The University recorded its highest ever six-year graduation rate this year putting it ahead of its peer institutions for the first time despite four consecutive years of state budget reductions.
In its fifth year hovering above 60 percent, the University’s graduation rate for students who began college in fall 2006 was 66.7 percent, nearly 5 percent higher than last year’s rate of 61.9 percent.
This year’s rate is also 27.3 percent better than the University’s graduation statistics dating back to 1993, when 39.4 percent of the freshman class of 1987 graduated, according to the Office of Budget and Planning.
The six-year graduation rate includes full-time, degree-seeking new freshmen who enrolled in the fall semester or prior summer semester.

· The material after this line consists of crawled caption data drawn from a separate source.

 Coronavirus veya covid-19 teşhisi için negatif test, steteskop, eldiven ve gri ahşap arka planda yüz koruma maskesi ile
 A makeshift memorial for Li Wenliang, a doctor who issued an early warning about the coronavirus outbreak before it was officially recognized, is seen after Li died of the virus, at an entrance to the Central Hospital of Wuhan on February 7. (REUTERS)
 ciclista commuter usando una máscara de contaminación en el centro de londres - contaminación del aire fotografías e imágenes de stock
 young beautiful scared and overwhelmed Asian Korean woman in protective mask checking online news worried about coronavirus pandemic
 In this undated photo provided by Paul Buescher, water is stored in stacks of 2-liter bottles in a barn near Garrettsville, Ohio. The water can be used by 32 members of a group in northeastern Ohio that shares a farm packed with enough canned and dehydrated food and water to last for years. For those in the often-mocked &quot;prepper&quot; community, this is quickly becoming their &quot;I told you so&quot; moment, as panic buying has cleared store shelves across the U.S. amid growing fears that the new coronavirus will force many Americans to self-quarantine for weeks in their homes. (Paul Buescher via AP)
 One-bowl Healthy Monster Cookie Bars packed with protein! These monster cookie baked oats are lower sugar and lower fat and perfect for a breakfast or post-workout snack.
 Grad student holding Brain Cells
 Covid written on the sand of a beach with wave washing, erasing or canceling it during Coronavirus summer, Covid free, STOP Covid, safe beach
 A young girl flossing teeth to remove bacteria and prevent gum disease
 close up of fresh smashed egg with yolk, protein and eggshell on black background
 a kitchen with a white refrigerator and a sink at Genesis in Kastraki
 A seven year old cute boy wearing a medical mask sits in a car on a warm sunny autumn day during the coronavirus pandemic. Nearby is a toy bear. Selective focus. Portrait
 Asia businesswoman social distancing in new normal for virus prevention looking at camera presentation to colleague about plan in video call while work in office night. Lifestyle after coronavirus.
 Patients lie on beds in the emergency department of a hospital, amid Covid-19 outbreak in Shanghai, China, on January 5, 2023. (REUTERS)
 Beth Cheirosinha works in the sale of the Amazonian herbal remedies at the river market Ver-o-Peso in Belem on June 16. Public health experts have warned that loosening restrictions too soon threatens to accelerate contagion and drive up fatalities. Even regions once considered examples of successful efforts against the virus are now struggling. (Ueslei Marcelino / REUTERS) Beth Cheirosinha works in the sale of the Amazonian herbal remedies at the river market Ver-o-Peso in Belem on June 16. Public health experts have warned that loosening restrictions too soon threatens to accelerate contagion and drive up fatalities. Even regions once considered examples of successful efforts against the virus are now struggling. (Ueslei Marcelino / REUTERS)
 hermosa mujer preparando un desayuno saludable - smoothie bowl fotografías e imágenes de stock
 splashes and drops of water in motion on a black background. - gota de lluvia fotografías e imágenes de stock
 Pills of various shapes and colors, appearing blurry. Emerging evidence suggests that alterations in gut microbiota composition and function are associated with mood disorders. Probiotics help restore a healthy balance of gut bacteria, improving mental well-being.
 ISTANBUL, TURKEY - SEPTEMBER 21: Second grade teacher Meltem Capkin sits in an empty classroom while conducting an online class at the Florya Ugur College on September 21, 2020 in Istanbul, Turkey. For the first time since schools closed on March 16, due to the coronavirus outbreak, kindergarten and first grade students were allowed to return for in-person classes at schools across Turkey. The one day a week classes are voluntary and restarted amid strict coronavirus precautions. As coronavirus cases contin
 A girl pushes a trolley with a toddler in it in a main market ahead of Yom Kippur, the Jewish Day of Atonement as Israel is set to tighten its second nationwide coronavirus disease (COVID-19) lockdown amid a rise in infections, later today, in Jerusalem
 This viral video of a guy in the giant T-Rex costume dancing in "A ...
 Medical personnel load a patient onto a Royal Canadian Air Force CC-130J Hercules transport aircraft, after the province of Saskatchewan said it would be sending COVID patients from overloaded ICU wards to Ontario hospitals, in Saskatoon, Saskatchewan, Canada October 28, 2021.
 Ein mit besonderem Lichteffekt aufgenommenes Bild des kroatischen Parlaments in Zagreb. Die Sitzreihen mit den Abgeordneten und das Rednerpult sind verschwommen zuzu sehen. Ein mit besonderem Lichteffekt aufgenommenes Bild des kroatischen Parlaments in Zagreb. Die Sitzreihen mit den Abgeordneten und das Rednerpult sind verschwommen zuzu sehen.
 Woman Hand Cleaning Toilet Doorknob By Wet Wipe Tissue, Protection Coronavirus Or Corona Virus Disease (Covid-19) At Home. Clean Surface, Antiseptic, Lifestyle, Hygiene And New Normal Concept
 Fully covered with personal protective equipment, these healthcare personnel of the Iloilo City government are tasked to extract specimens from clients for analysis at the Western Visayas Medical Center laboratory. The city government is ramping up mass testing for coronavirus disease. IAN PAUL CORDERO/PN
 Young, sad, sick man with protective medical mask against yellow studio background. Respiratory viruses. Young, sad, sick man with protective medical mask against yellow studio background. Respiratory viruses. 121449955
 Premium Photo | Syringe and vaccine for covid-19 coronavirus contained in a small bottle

The numbers once again solidify the University as having the best graduation rate of all Louisiana public universities, complementing its admissions standards, which are loftier than other public universities.
Interim System President and Chancellor William “Bill” Jenkins said the increase in graduation rates is due to increased admissions standards and a focus on services, such as the Center for Academic Success, which provide students with counseling on adjusting to and becoming successful while attending college.
“As you increase admission standards, it helps with retention rates,” Jenkins said. “Eventually, it impacts how many students graduate in six years.”
He stressed that the retention of students from freshman to sophomore years is a crucial aspect to keeping them until graduation.
Since 2008, the University has experienced a $102.22 million, or 43.6 percent, cut to its state appropriated funding.
Because of this, Jenkins called the graduation increase a “source of pride” because the University hasn’t been able to add services to help increase retention rates, meaning faculty had to work harder while they haven’t revived raises for the fifth straight year.
The 66.7 percent will also surpass the University’s peer institution graduation rate average, which will be about 64 percent this year, Jenkins said. The peer institutions’ official average should be released sometime in the spring.
“This sends a message that LSU is an institution that cares,” said Stuart Bell, executive vice chancellor and provost.
While both Jenkins and Bell acknowledged that achieving a 100 percent graduation rate is unrealistic, they both said they will push the University to continue to improve its rate year by year.
“We need to focus on what’s worked for us, and to move ahead, we need more time and investment by our faculty and resources,” Bell said.